┌──
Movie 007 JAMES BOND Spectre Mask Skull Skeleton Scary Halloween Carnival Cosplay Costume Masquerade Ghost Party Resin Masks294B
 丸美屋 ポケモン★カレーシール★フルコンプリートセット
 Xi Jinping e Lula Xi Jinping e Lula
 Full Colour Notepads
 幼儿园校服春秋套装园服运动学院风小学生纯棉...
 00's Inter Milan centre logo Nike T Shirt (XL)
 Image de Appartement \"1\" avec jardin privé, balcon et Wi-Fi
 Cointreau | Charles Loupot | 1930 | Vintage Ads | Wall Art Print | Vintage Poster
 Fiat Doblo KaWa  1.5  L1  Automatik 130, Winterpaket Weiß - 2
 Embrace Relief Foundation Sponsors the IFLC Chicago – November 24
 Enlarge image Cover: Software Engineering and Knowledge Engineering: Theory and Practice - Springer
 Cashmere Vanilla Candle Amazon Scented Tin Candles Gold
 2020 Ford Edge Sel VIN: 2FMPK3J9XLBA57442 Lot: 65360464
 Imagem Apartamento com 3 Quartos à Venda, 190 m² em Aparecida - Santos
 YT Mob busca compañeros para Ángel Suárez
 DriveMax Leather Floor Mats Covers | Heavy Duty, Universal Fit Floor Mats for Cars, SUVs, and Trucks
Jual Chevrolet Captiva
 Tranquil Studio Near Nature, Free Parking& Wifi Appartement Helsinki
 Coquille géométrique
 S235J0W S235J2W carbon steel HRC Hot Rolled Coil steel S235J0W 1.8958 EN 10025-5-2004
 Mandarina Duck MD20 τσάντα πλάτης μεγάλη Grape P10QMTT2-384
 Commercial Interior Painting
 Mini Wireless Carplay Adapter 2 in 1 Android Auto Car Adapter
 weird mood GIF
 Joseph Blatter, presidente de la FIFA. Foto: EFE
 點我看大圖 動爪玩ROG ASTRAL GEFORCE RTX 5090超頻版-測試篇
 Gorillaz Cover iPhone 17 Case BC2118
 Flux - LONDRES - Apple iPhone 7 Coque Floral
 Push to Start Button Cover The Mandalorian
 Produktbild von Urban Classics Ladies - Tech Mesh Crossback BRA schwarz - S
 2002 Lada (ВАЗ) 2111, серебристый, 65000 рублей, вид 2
└──
Problem requirements: Reproduce every line above that contains the string "Appartement".

Result of this task:
 Image de Appartement \"1\" avec jardin privé, balcon et Wi-Fi
 Tranquil Studio Near Nature, Free Parking& Wifi Appartement Helsinki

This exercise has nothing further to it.